Information supplied.
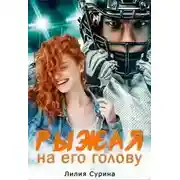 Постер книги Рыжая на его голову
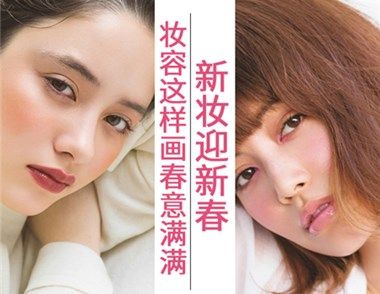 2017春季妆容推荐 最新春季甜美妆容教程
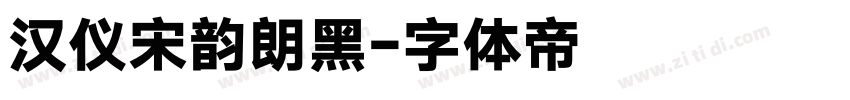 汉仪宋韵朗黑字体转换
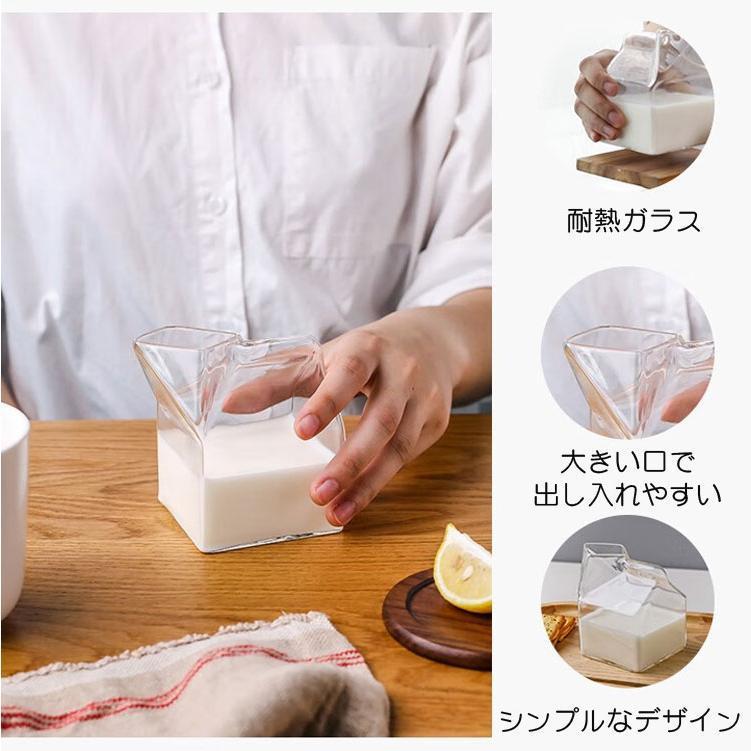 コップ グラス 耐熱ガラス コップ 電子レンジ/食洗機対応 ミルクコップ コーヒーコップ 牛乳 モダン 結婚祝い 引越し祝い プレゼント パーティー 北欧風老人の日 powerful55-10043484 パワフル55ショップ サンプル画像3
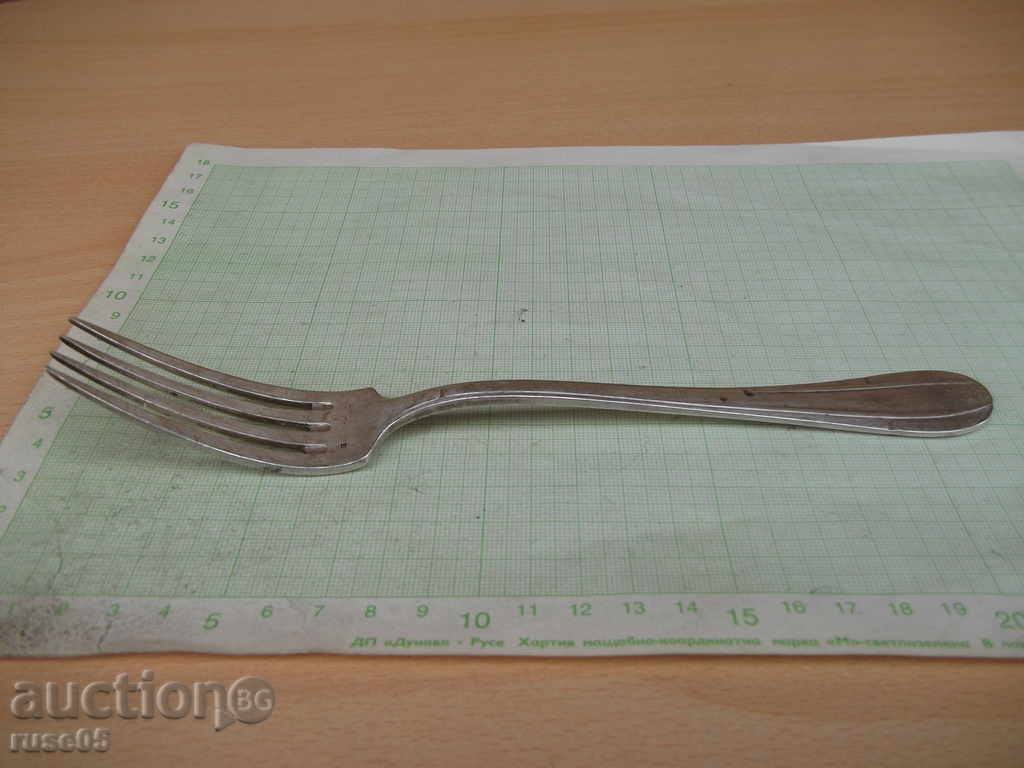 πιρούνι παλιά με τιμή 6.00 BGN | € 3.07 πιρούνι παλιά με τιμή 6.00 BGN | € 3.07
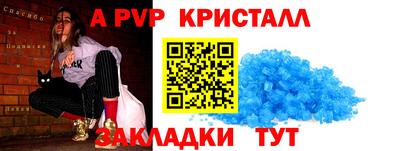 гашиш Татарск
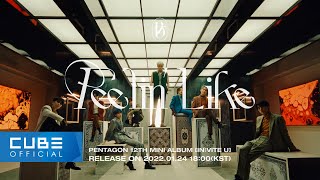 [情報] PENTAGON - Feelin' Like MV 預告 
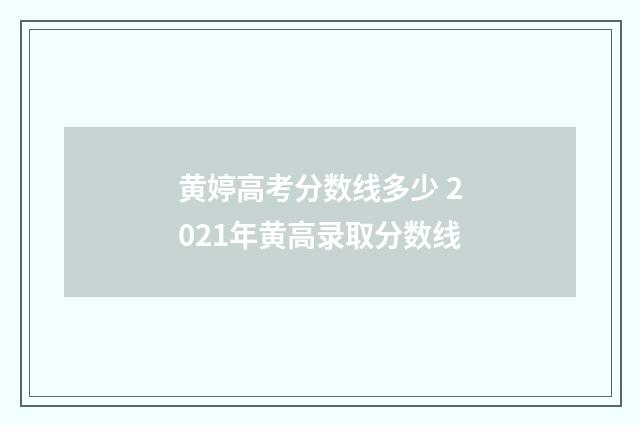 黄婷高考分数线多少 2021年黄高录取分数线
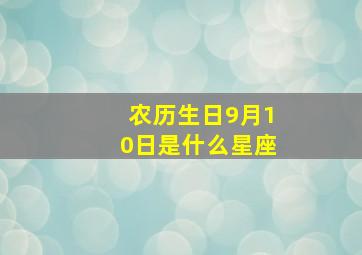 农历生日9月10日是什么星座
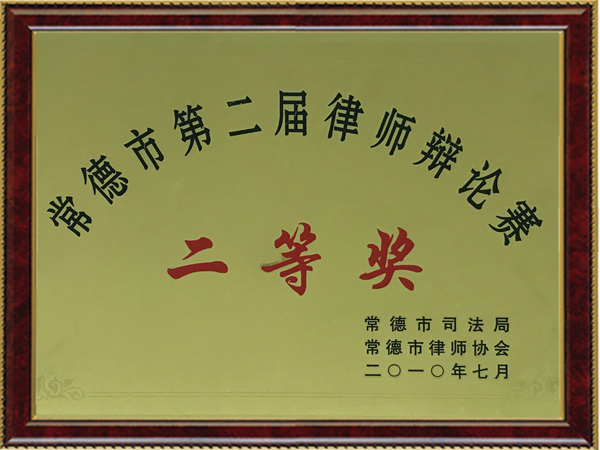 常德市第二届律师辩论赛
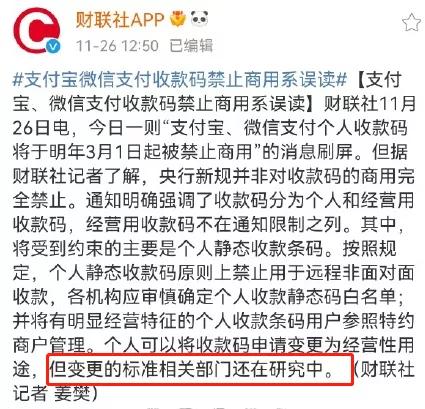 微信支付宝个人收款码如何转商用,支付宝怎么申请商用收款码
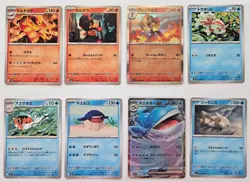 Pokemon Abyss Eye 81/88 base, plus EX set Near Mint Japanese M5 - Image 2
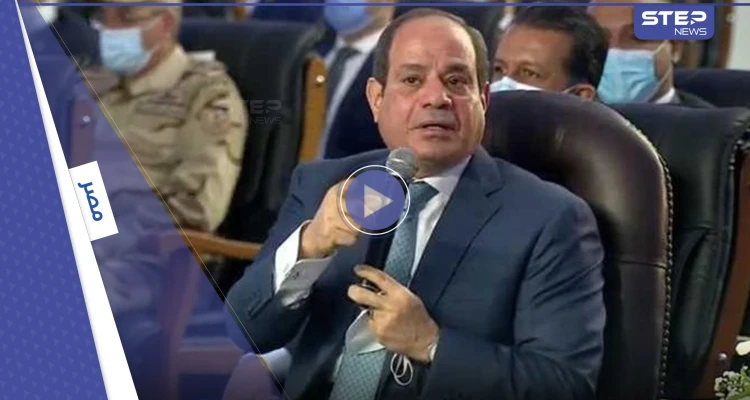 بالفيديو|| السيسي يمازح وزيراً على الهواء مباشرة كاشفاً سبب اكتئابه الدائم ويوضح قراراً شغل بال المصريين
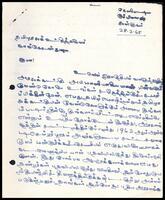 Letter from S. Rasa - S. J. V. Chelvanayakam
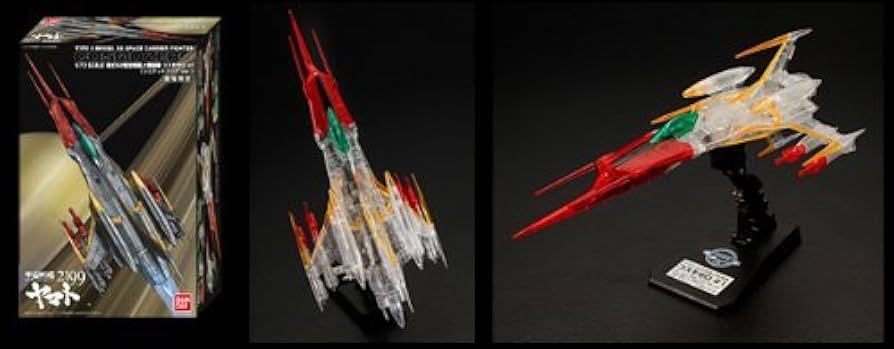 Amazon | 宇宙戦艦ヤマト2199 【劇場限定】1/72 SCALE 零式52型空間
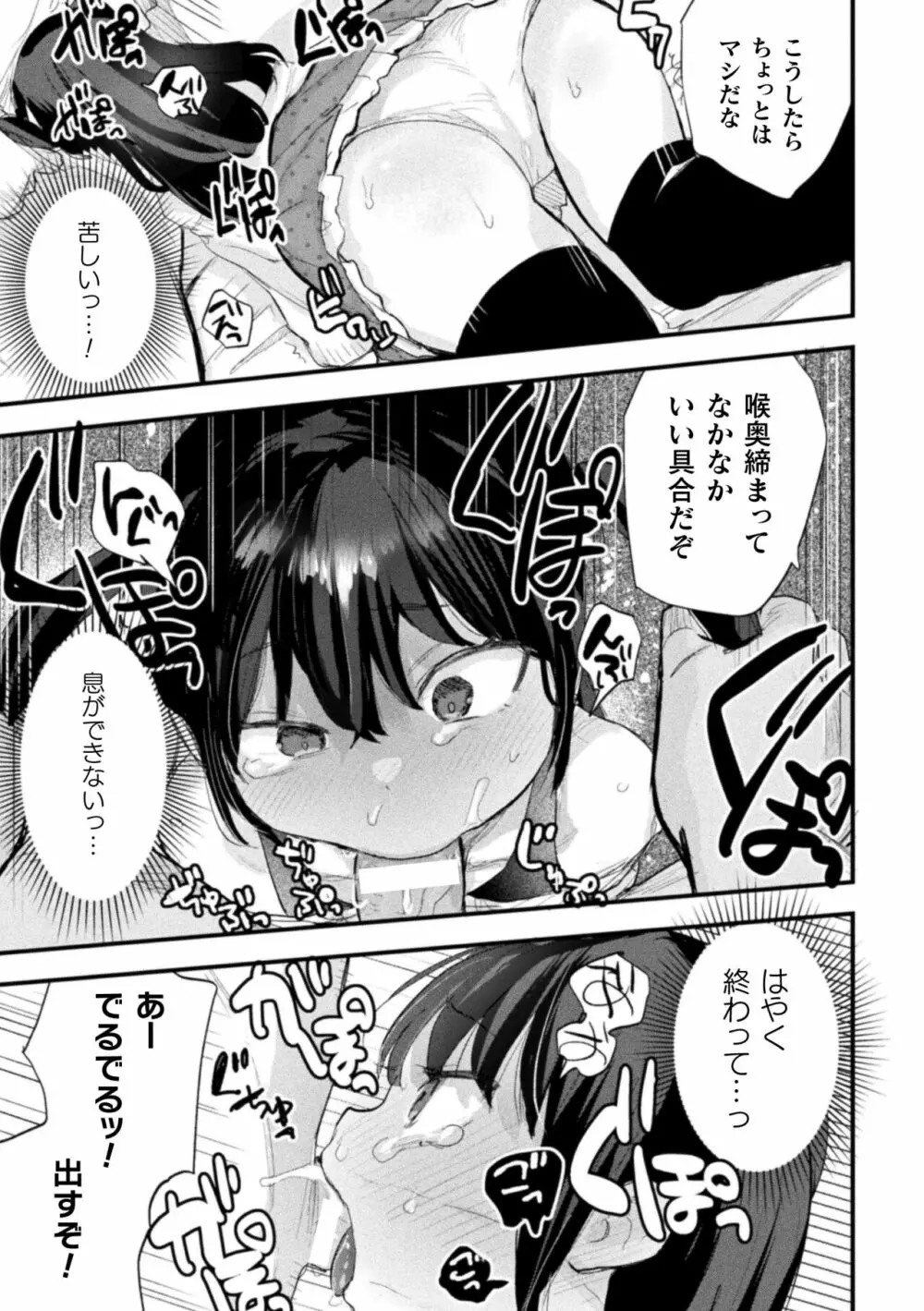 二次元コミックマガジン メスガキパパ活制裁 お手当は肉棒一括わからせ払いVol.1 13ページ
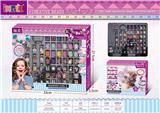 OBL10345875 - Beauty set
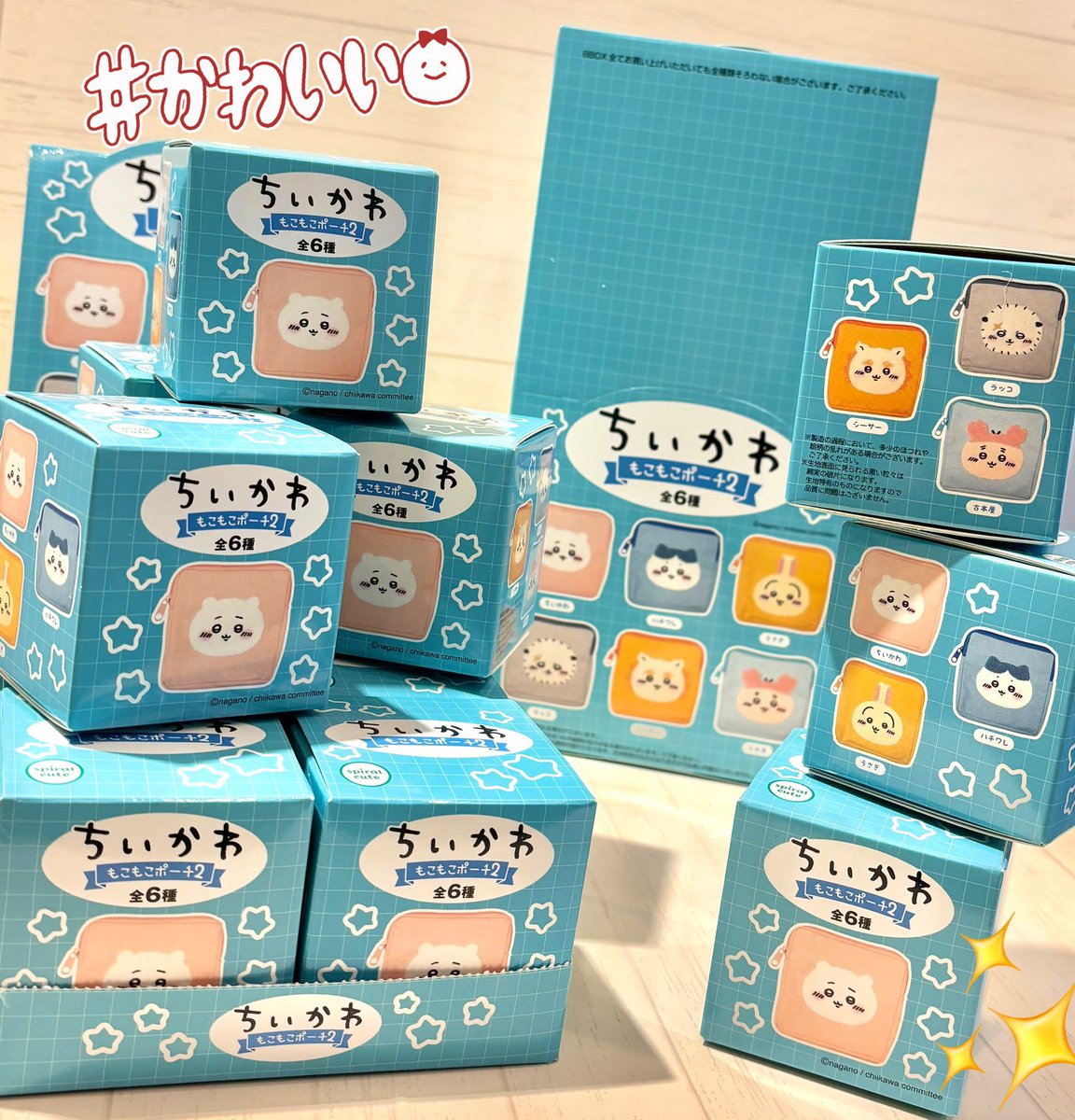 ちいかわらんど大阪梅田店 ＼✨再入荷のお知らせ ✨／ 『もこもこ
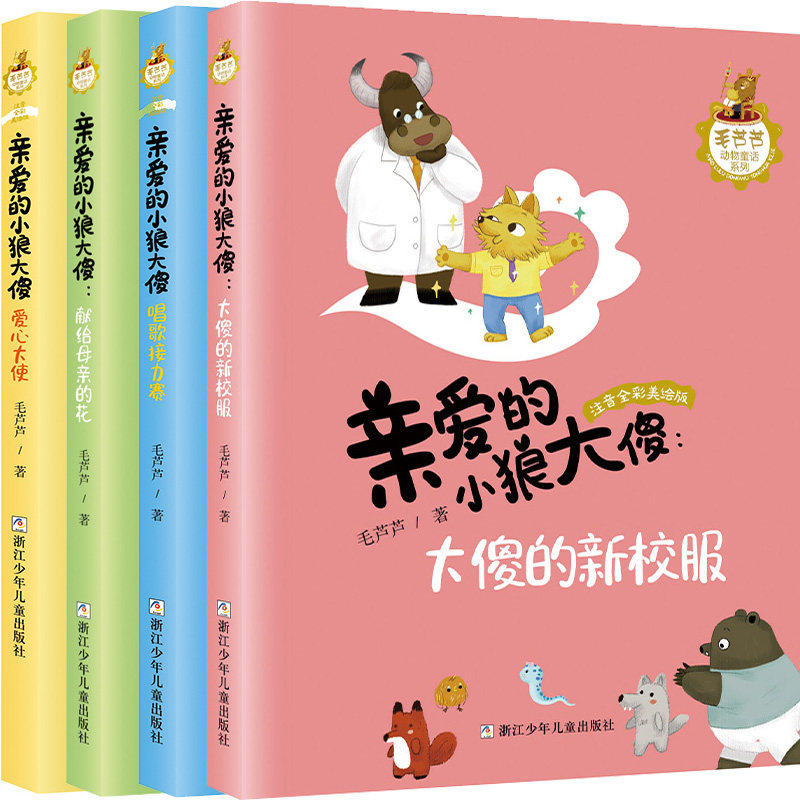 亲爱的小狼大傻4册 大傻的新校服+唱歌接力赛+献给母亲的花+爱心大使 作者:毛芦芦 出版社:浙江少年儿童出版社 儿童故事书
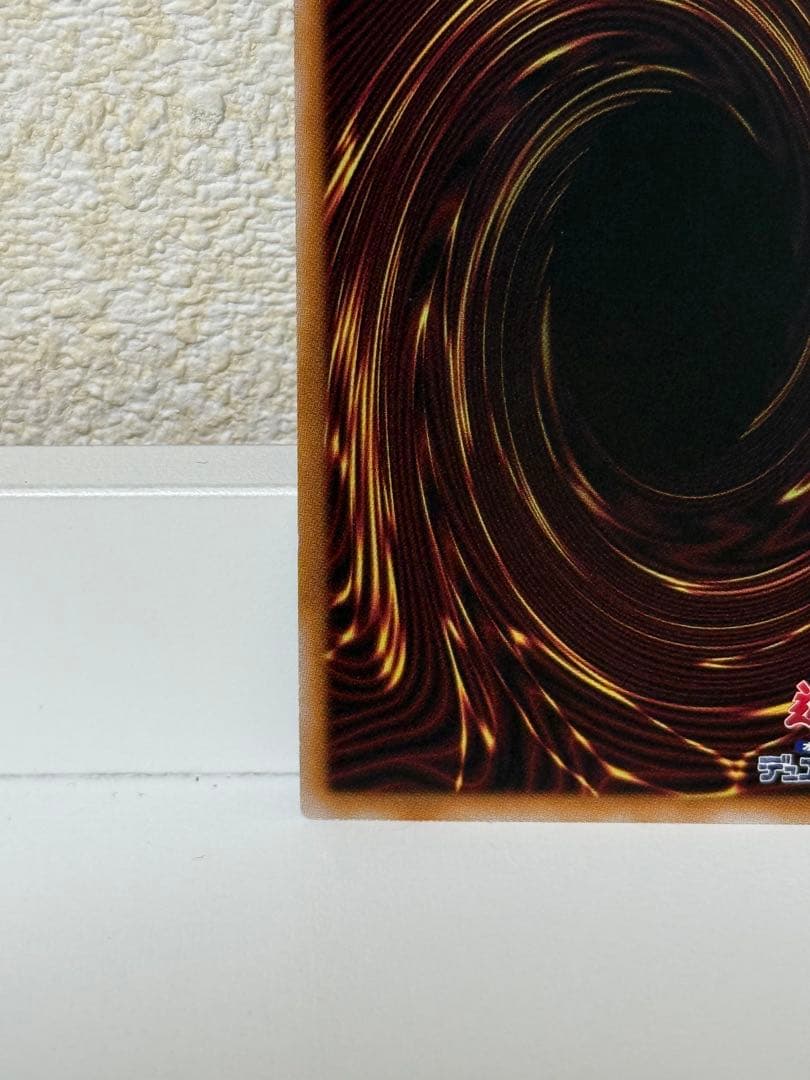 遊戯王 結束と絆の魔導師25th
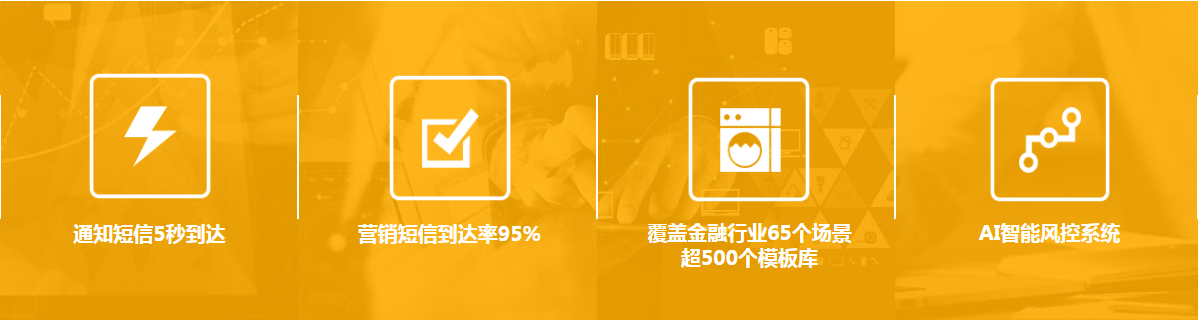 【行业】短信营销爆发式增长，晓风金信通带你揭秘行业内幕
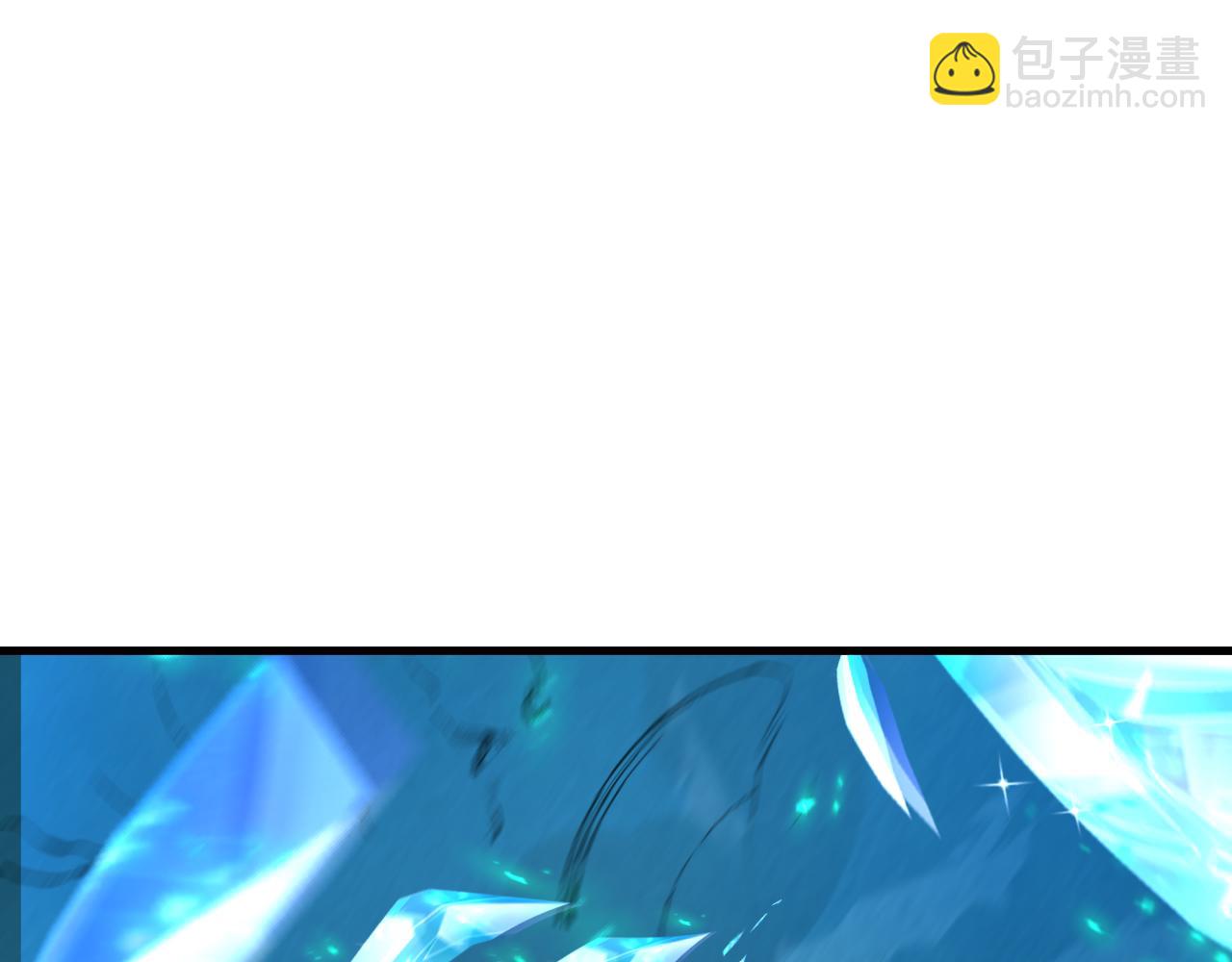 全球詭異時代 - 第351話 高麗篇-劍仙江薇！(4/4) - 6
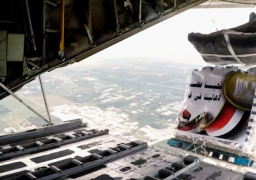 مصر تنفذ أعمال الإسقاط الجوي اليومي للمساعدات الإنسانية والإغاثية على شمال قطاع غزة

Problem. In the records above, find the line with "农历生日9月10日是什么星座" and copy from it through the last line exactly, without the pictures.

Answer box.
 农历生日9月10日是什么星座
 常德市第二届律师辩论赛
 微信支付宝个人收款码如何转商用,支付宝怎么申请商用收款码
 Pokemon Abyss Eye 81/88 base, plus EX set Near Mint Japanese M5 - Image 2
 بالفيديو|| السيسي يمازح وزيراً على الهواء مباشرة كاشفاً سبب اكتئابه الدائم ويوضح قراراً شغل بال المصريين
 Letter from S. Rasa - S. J. V. Chelvanayakam
 Amazon | 宇宙戦艦ヤマト2199 【劇場限定】1/72 SCALE 零式52型空間
 二次元コミックマガジン メスガキパパ活制裁 お手当は肉棒一括わからせ払いVol.1 13ページ
 OBL10345875 - Beauty set
 ちいかわらんど大阪梅田店 ＼✨再入荷のお知らせ ✨／ 『もこもこ
 亲爱的小狼大傻4册 大傻的新校服+唱歌接力赛+献给母亲的花+爱心大使 作者:毛芦芦 出版社:浙江少年儿童出版社 儿童故事书
 遊戯王 結束と絆の魔導師25th
 【行业】短信营销爆发式增长，晓风金信通带你揭秘行业内幕
 全球詭異時代 - 第351話 高麗篇-劍仙江薇！(4/4) - 6
 مصر تنفذ أعمال الإسقاط الجوي اليومي للمساعدات الإنسانية والإغاثية على شمال قطاع غزة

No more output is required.